Lopetegui Umumkan Skuad Qatar untuk Piala Dunia 2026, Almoez Ali Jadi Andalan
Baca dalam 60 detik
- Pelatih Qatar, Julen Lopetegui, memanggil 26 pemain untuk Piala Dunia 2026, termasuk pencetak gol terbanyak sepanjang masa Almoez Ali.
- Dua pemain kunci, Niall Mason dan Sebastian Soria, tidak masuk skuad final meski sempat masuk daftar awal.
- Qatar akan menghadapi Swiss, Kanada, dan Bosnia-Herzegovina di fase grup, dengan target memperbaiki penampilan buruk pada edisi 2022.

Julen Lopetegui, pelatih asal Spanyol yang pernah dipecat dua hari sebelum Piala Dunia 2018 saat menangani timnas negaranya, kini mengumumkan skuad Qatar untuk Piala Dunia 2026. Dalam daftar 26 pemain yang dirilis, nama Almoez Ali—pencetak gol terbanyak sepanjang masa Qatar dengan 60 gol dalam 126 penampilan—tetap menjadi ujung tombak utama.
Lopetegui, yang ditunjuk sebagai pelatih Qatar pada Mei 2025, membawa sembilan pemain depan dalam skuadnya. Selain Ali, dua kali Pemain Terbaik Asia Akram Afif juga masuk dalam daftar. Keduanya diharapkan menjadi motor serangan Qatar yang pada Piala Dunia 2022 menjadi tuan rumah pertama yang kalah di semua pertandingan grup.
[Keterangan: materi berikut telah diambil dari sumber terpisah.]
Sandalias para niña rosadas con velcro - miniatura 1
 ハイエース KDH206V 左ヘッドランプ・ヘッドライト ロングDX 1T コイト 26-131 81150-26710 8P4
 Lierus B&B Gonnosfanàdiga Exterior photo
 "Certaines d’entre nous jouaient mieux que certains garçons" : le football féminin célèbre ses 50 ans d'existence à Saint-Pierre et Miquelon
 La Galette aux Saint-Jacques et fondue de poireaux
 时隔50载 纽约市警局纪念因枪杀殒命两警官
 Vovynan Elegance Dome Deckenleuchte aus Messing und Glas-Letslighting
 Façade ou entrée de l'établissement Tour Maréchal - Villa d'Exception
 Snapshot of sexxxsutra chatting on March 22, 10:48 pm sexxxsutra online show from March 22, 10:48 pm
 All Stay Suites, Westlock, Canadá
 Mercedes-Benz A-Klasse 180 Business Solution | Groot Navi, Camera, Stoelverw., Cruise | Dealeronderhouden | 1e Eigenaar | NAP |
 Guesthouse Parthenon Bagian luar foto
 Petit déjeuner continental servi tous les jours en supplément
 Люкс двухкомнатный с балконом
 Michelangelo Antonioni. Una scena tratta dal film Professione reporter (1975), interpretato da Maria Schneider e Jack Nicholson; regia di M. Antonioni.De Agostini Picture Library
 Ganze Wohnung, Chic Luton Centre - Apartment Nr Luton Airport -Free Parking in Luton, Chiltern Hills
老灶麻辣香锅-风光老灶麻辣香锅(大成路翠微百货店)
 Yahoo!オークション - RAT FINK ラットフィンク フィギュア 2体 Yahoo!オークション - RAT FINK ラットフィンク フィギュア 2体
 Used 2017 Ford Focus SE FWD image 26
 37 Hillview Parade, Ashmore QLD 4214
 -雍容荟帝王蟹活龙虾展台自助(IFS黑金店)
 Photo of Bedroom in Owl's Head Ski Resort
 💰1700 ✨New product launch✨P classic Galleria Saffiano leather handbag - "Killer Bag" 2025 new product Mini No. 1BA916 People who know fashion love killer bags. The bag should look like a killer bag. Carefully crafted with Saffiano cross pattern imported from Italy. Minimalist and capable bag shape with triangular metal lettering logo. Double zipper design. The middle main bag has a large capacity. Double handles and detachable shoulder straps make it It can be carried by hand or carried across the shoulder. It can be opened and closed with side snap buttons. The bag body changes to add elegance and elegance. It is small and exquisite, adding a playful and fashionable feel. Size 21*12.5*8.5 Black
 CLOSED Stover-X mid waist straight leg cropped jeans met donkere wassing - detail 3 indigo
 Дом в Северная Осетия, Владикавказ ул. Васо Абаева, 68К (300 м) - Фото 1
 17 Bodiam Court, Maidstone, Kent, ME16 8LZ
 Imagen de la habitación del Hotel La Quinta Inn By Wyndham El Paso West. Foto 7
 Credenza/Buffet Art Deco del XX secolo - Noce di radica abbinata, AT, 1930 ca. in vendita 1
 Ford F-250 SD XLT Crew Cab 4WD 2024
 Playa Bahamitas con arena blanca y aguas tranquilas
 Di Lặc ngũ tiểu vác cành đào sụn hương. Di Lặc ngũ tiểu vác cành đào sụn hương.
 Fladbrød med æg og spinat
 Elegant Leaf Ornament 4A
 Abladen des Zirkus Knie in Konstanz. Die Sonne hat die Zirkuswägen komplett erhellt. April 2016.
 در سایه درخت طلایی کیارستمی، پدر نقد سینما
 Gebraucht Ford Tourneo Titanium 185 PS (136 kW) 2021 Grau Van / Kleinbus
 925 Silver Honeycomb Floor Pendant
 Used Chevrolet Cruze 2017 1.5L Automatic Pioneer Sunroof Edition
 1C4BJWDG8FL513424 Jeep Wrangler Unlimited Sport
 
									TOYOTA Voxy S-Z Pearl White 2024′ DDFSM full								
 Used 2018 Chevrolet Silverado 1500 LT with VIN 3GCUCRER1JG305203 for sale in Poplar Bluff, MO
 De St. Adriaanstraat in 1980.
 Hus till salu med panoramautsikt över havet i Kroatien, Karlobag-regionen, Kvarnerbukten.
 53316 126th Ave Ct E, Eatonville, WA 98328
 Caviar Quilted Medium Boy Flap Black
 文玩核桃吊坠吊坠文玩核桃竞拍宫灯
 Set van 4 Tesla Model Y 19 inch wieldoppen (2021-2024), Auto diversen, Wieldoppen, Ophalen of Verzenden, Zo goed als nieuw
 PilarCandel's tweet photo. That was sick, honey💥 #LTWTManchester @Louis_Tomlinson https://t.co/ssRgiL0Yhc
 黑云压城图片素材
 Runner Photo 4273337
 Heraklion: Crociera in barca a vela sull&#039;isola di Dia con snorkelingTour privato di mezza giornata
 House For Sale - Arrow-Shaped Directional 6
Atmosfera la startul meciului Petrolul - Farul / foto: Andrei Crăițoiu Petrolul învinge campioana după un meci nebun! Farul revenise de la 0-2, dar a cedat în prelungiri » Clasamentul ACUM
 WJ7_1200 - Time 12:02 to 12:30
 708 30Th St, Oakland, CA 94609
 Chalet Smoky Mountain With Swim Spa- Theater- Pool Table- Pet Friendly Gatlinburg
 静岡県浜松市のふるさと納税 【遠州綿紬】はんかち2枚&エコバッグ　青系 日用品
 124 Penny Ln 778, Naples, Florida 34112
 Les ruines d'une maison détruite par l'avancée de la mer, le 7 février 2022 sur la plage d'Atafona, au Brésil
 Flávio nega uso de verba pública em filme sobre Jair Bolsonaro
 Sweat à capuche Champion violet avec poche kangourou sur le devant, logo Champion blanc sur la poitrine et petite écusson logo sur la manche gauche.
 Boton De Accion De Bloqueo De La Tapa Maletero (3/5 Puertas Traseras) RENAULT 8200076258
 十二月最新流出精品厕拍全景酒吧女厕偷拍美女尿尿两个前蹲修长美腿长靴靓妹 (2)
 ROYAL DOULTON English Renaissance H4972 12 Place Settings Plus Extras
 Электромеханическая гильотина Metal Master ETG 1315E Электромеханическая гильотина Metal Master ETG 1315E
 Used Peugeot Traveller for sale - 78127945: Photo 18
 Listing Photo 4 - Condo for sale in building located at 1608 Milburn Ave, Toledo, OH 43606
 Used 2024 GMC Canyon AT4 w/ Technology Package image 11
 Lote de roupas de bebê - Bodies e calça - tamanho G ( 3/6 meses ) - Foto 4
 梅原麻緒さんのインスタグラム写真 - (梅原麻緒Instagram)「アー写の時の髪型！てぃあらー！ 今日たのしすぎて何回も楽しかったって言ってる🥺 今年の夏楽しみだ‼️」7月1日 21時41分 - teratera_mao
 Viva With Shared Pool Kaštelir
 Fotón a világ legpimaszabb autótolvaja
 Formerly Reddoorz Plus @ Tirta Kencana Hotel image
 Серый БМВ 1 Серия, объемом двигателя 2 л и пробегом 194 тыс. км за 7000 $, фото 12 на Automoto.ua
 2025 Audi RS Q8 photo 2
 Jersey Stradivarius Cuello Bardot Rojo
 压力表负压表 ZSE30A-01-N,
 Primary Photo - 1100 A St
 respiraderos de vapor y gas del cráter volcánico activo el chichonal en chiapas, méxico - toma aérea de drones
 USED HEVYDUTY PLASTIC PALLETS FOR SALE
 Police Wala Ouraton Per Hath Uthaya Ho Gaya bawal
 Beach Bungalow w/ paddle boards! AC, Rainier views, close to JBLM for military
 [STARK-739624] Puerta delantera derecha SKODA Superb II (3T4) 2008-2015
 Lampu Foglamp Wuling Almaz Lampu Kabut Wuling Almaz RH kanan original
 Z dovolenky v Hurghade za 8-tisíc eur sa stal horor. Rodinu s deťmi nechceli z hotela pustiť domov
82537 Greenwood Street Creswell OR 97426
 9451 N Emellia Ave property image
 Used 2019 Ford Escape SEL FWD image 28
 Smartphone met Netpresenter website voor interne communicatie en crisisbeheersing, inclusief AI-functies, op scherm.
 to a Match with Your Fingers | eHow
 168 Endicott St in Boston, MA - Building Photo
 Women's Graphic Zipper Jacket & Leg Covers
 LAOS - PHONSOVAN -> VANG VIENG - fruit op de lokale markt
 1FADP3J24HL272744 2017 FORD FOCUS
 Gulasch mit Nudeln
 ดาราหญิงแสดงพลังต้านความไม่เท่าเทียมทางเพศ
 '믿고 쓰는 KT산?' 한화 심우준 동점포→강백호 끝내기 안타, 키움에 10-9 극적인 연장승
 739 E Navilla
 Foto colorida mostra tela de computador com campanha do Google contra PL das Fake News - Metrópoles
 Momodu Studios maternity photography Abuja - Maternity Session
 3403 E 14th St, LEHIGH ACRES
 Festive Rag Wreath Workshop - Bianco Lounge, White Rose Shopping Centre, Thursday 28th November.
Keputusan mengejutkan datang dari tidak disertakannya bek Niall Mason, pemain kelahiran Brighton yang sempat masuk skuad awal. Mason, yang pernah bermain untuk Doncaster dan Peterborough, tidak mendapat tempat di tim final. Selain itu, striker veteran Sebastian Soria yang berusia 42 tahun dan telah mencetak 39 gol untuk Qatar juga dicoret.
Qatar tergabung dalam Grup C bersama Swiss, Kanada (tuan rumah bersama), dan Bosnia-Herzegovina. Laga pertama akan dimainkan di Santa Clara melawan Swiss pada 13 Juni, kemudian menghadapi Kanada di Vancouver, dan ditutup melawan Bosnia-Herzegovina di Seattle. Dengan format baru yang melibatkan tiga tuan rumah, persaingan grup diprediksi ketat.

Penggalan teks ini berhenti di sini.